M. A : Oui, dans notre proposition de feuille de route, nous allongeons la durée sur 9 mois, pour justement nous donner le temps de parler de tous les sujets en prenant le temps qu’il faut pour traiter chaque question. Cette période est indicative et justifiable, car la plupart des accords précédents se sont fait dans la précipitation et au final le résultat est connu de tous. Une raison pour prendre le temps de bâtir une paix. Nous sommes flexibles sur cette proposition et discuterons avec le gouvernement et si la nécessité s’impose de le réduire nous ne ferons pas de blocage dessus et avancerons avec le Gouvernement et la communauté internationale.
N. L : Le Burkina a beaucoup travaillé dans la crise et on a l’impression que tout le monde l’a lâché, même le MNLA. Qu’en dites-vous ? Est-il possible que des négociations se tiennent encore à Ouagadougou ?

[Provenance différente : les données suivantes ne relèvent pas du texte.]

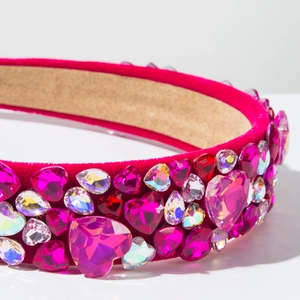 Macro detail of luxury wide headband with pink and red heart crystals on velvet fabric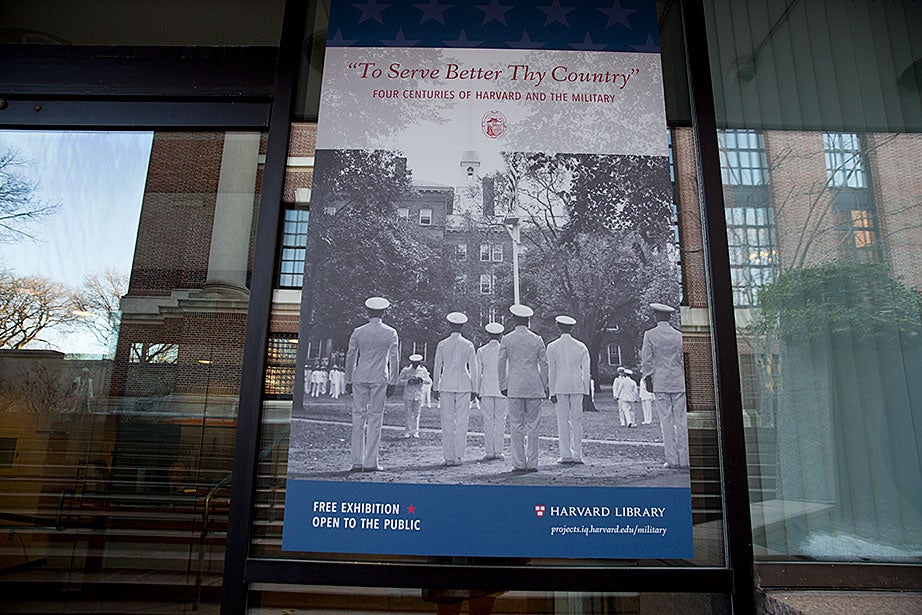 A sign welcoming visitors to the exhibit at Pusey Library shows a group of cadets from the first graduating class of the Naval Training School at Harvard in 1942.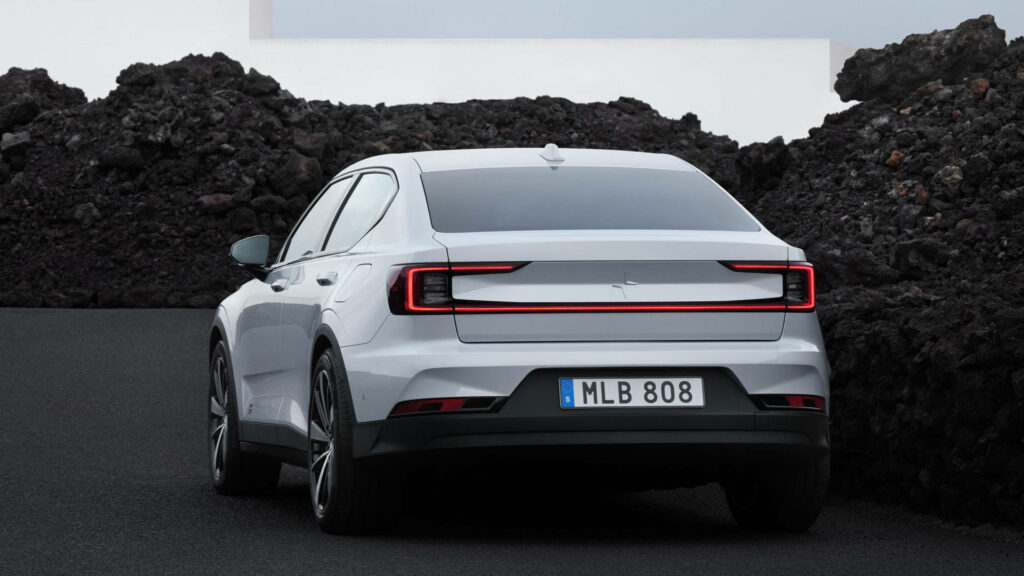 Rear view of Polestar 2 on winding rocky road with sleek design and modern taillights volcanic backdrop Wallpaper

M. A : Effectivement, le Burkina s’est beaucoup investi dans le cadre de la résolution de cette crise et nous lui témoignons toute notre reconnaissance pour ses efforts. On pense qu’il a continué et continuera de jouer un rôle dans le processus, car ils ont un représentant ici à Alger, pour justement participer aux différents travaux sur place. Pour le moment, rien n’est exclu. On peut repartir à Ouaga tout comme on peut rester ici à Alger ou aller ailleurs. Tout va dépendre de comment les choses vont évoluer.